Just a random thing that came up in today's web-surfing: Some children produce vaguely letter-like symbols before they learn to write properly. Here is a Google search that produces various articles which mention this phenomenon: children+pseudowriting
01 August 2010
On the net one often encounters people who advocate preserving and revitalizing endangered languages, but who advocate abolishing the colorful Anglo-American system of measurements and replacing it with the metric system.
I submit for your consideration the idea that these are contradictory wishes. If we should help the Lakota people, for example, keep their language and culture alive, why should we fight the American people who want to keep inches, Fahrenheit and pounds alive? You cannot drive in two directions at once. Either you are in favor of letting localities keep their own culture, or you are in favor of a dumbed-down Euros and kilometers culture for all 7 billion of us everywhere including those in orbit.

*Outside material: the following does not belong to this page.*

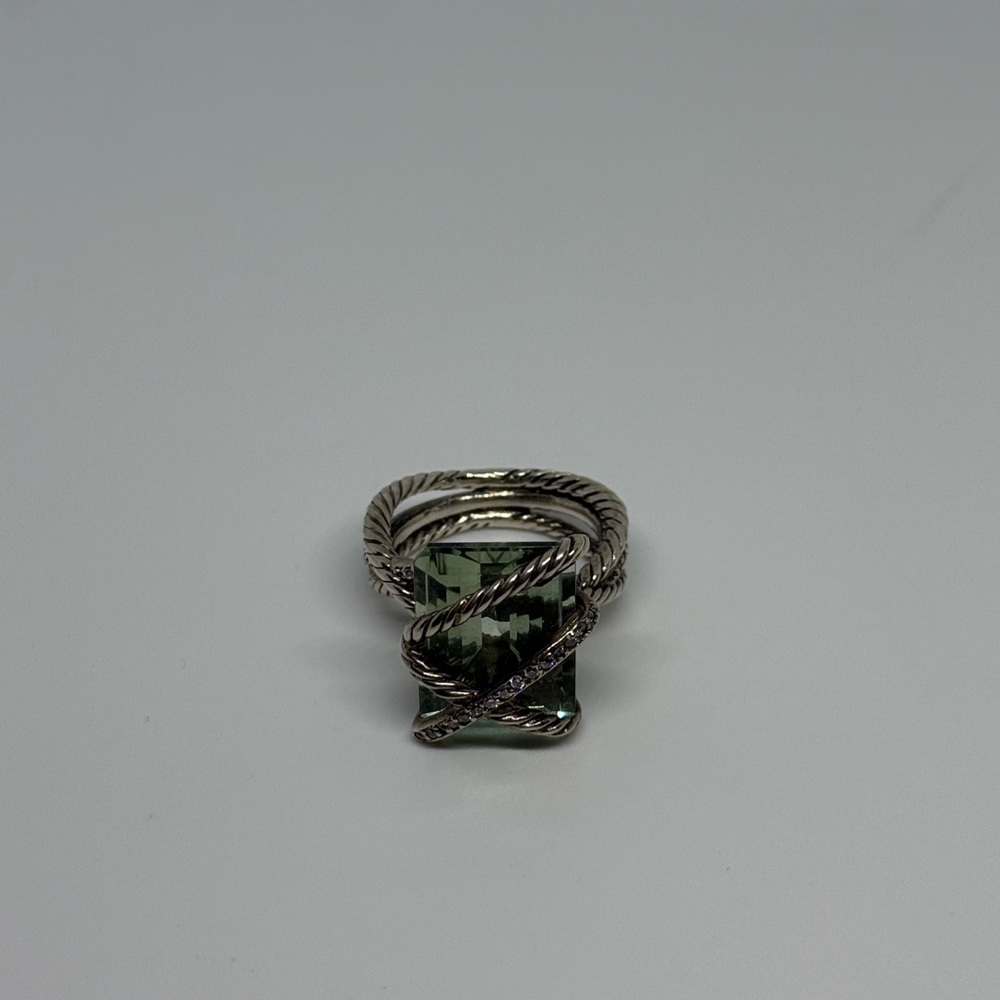 David Yurman wrap ring green amethyst precyolite - Picture 3 of 5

By the way, the strongest argument in favor of keeping pounds and ounces, inches and feet, is the very argument often brought up in opposition to them: the math is harder. Yes, it's harder to add seven and seven eighths inches plus two and a third feet, THANK GOD. Stop thinking about sex and TV and Facebook for a minute and use your f--king brain for something other than a head-implosion-preventing placeholder.
For con-culturing I like to think of units of measurement based on things that are readily available. Why not a unit of length based on the height of the average human adult, and a unit of liquid volume based on average bladder capacity? And naturally these units have to be subdivided into halves, quarters, 8ths and so forth, rather than 10ths. When you are out in the real world it is much easier to fold a piece of paper into equal halves and quarters, than it is to fold it into 10 equal parts. And if you know that piece of paper is 1/6 of a human-height length-unit tall, you can use it to measure things.
Likewise you can divide a quantity of liquid into halves by pouring it alternately into two equal-size containers. Easier than dividing it into 10ths. You see, 8ths and 16ths are natural, like tropical rainforests and dolphins. Units that divide into 10ths are unnatural, like coal-burning power plants and nuclear weapons.